• Task description:
If pictures appear among the lines below, leave them out while you return exactly the lines from the one with "Snorkeling Gear Dry" through the one with "Horsecode Hufglocken blue Glamour M".

• Records for the task:
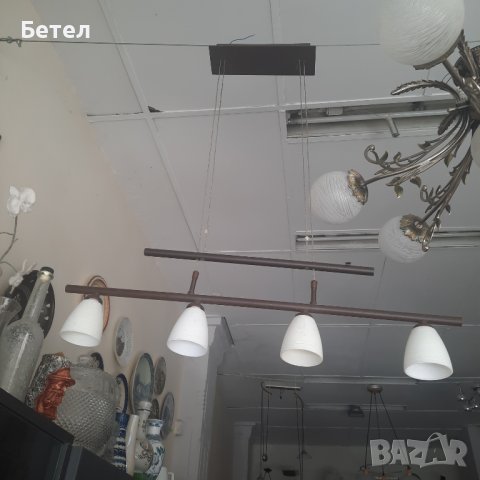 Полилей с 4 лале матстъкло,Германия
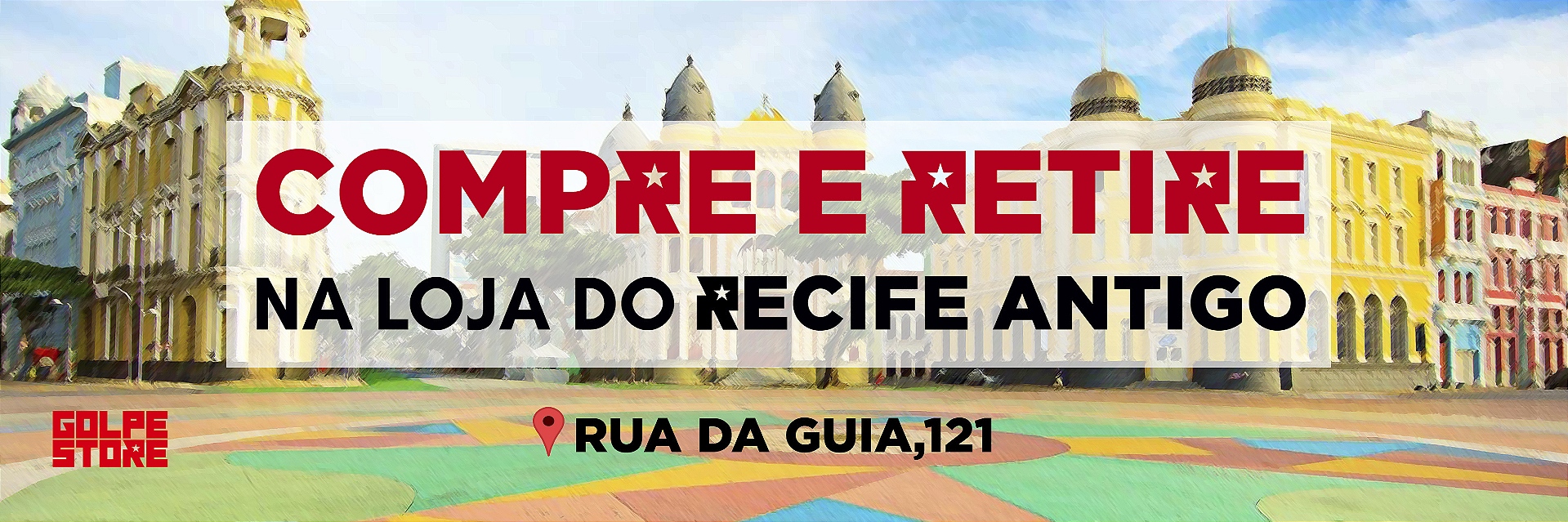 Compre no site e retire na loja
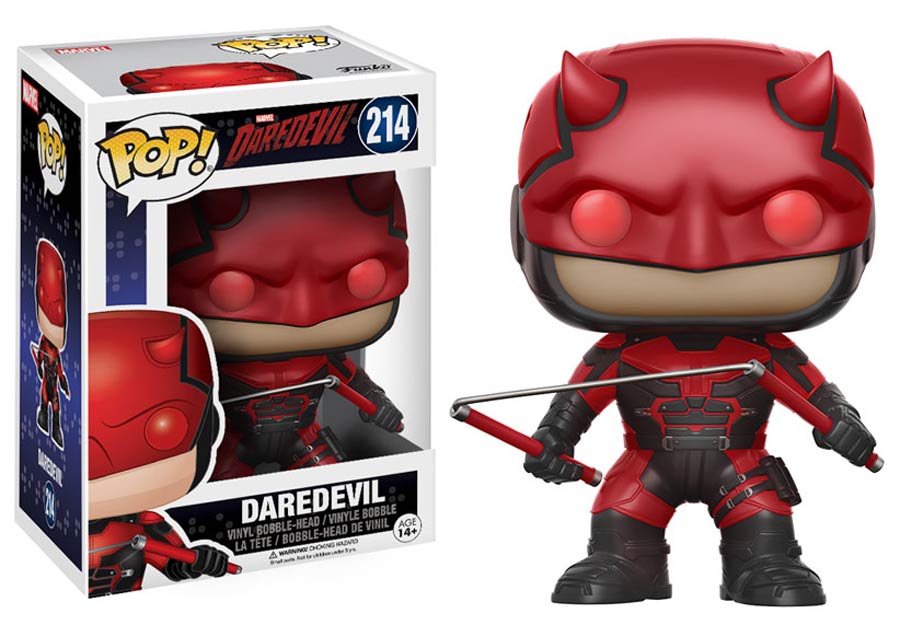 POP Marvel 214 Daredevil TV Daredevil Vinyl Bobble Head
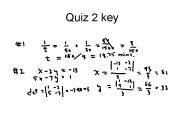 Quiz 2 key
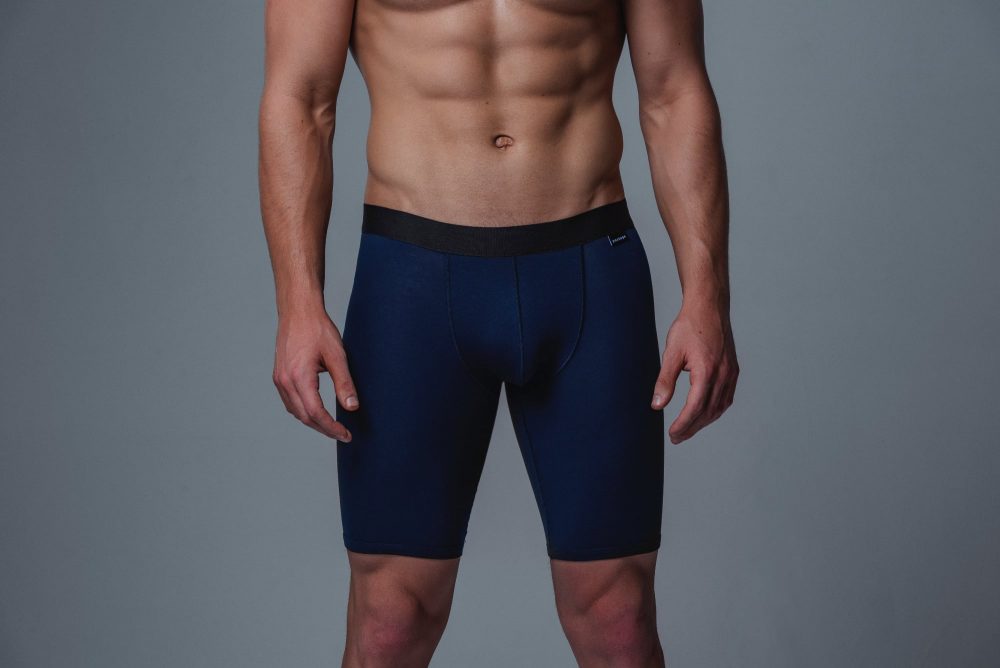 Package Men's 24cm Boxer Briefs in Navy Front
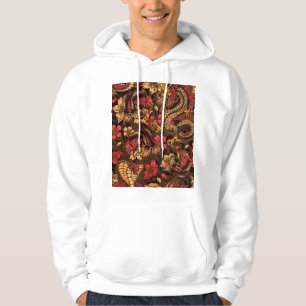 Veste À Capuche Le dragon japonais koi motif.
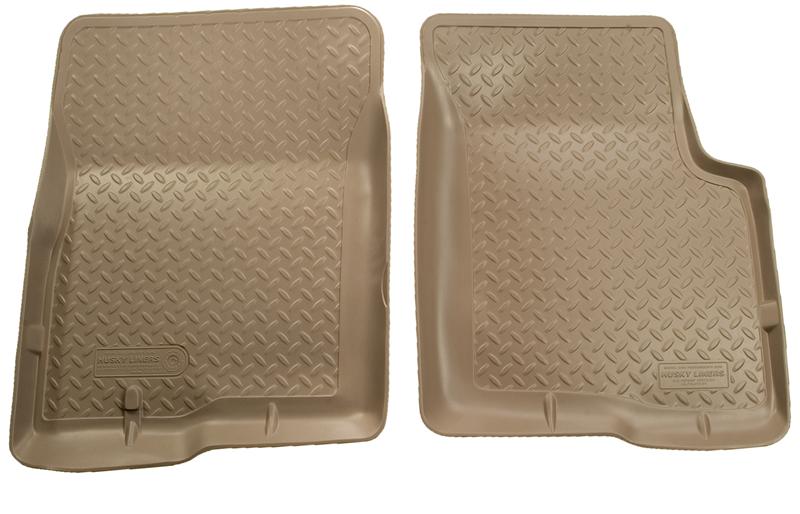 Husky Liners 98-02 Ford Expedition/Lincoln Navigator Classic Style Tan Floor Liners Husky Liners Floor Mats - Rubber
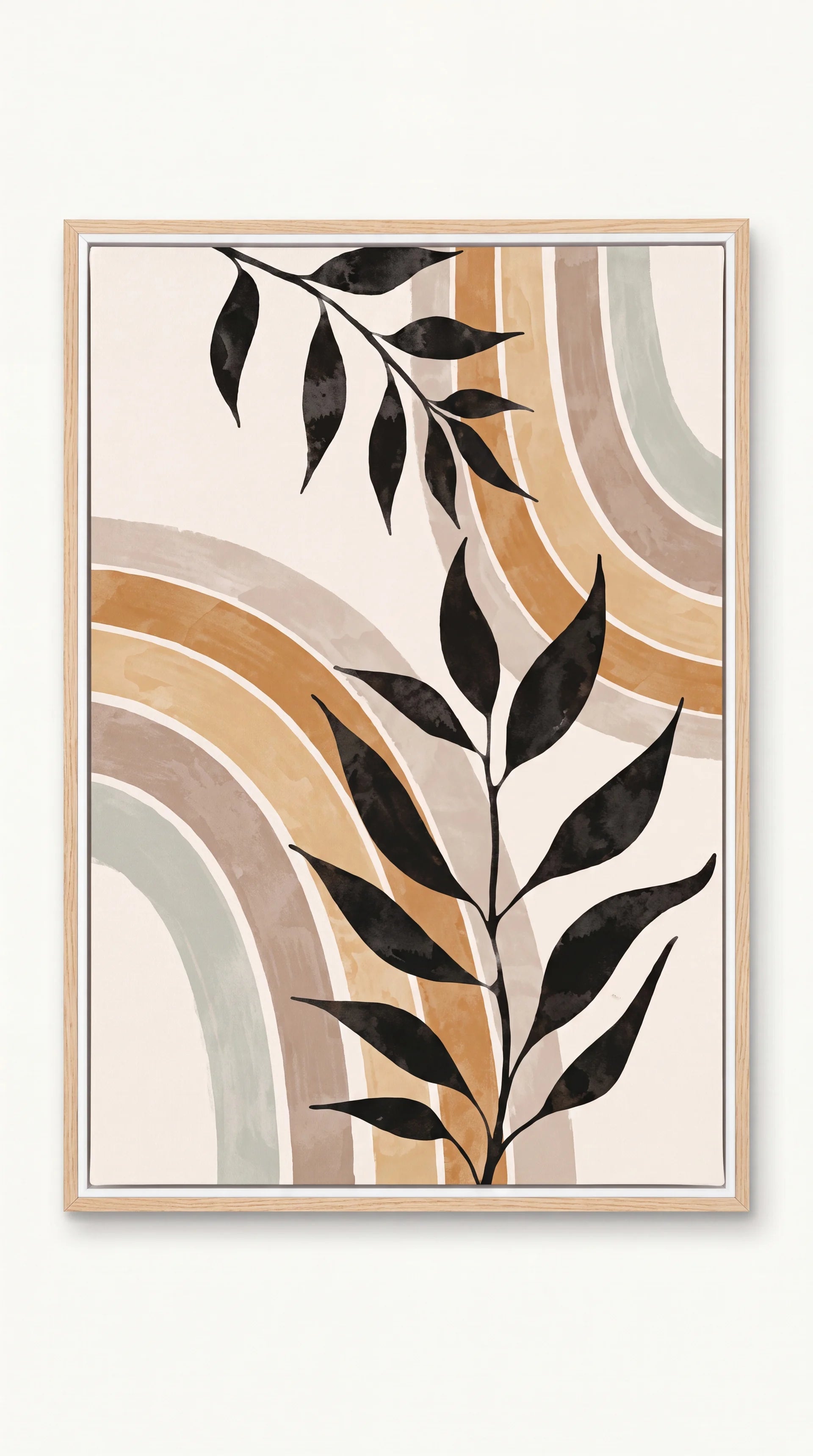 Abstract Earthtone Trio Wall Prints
==
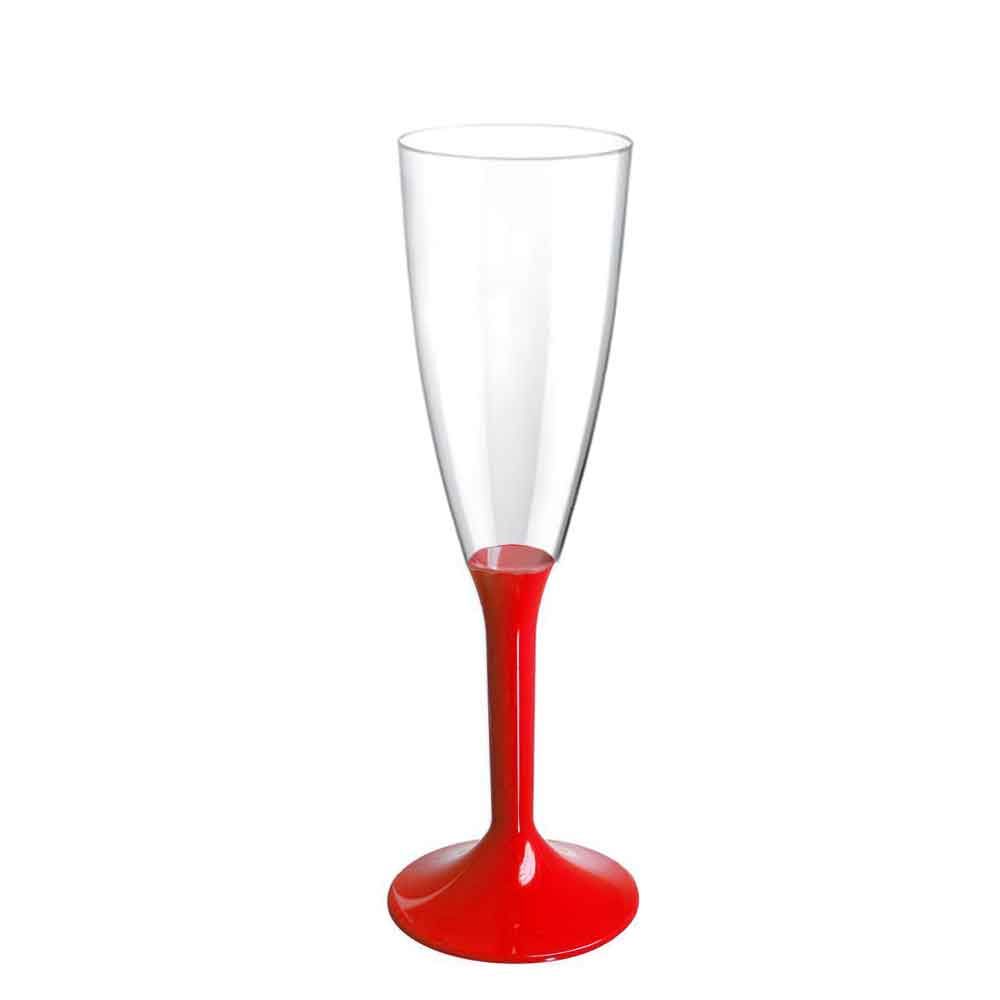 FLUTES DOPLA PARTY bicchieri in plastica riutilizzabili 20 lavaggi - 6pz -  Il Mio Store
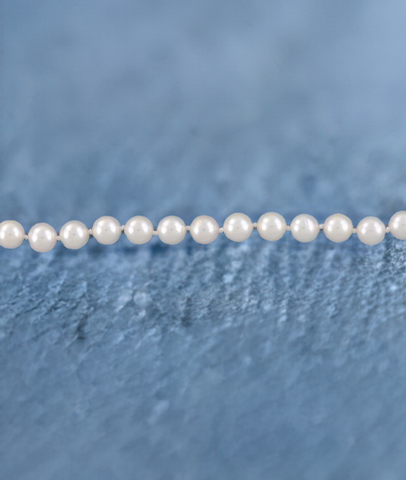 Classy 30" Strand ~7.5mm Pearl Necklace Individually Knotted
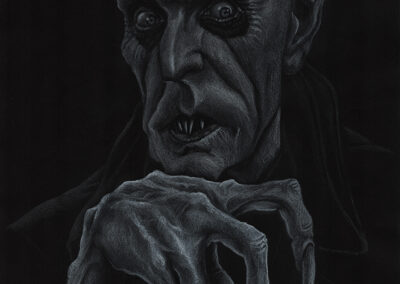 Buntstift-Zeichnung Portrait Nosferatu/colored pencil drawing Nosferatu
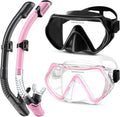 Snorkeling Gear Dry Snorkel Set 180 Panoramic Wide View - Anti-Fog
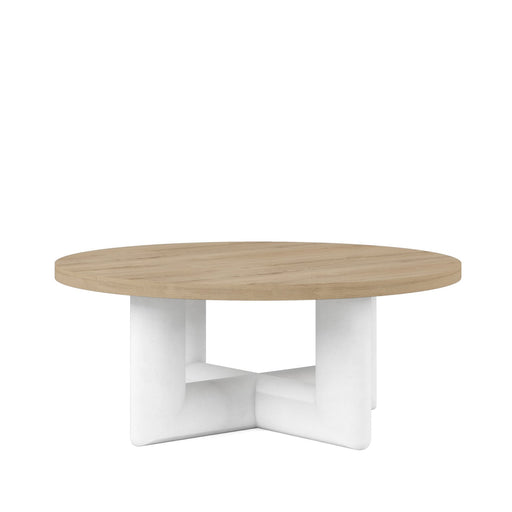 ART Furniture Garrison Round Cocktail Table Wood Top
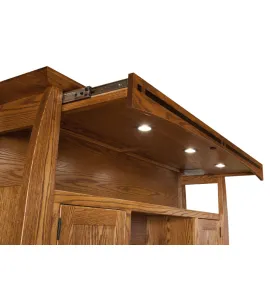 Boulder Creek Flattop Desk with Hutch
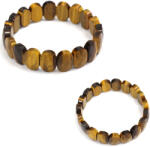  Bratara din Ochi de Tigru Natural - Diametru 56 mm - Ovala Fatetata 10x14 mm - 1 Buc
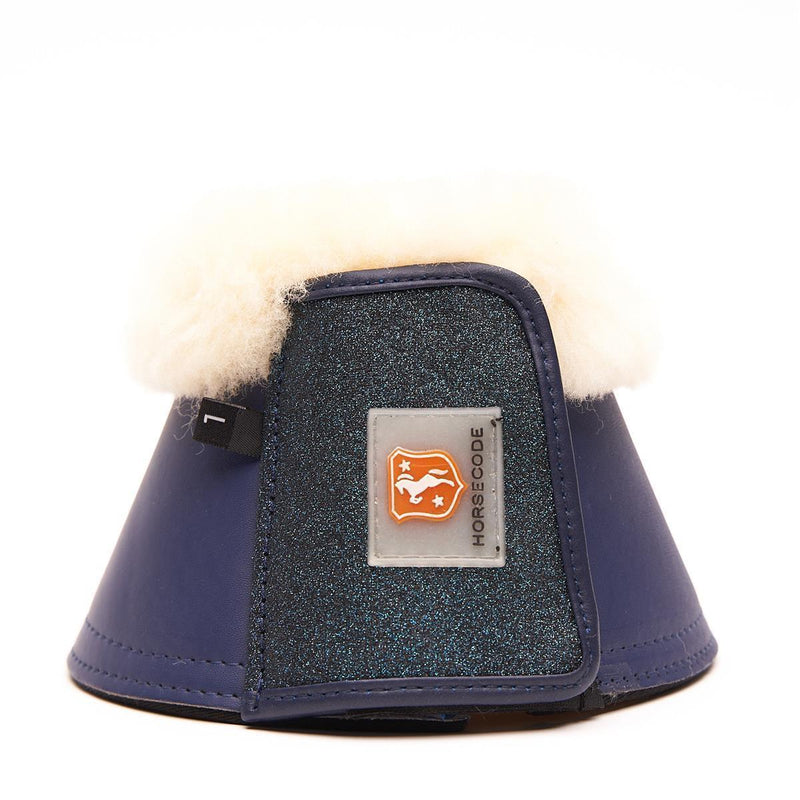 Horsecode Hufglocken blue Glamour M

• Final answer:
 Snorkeling Gear Dry Snorkel Set 180 Panoramic Wide View - Anti-Fog
 ART Furniture Garrison Round Cocktail Table Wood Top
 Boulder Creek Flattop Desk with Hutch
  Bratara din Ochi de Tigru Natural - Diametru 56 mm - Ovala Fatetata 10x14 mm - 1 Buc
 Horsecode Hufglocken blue Glamour M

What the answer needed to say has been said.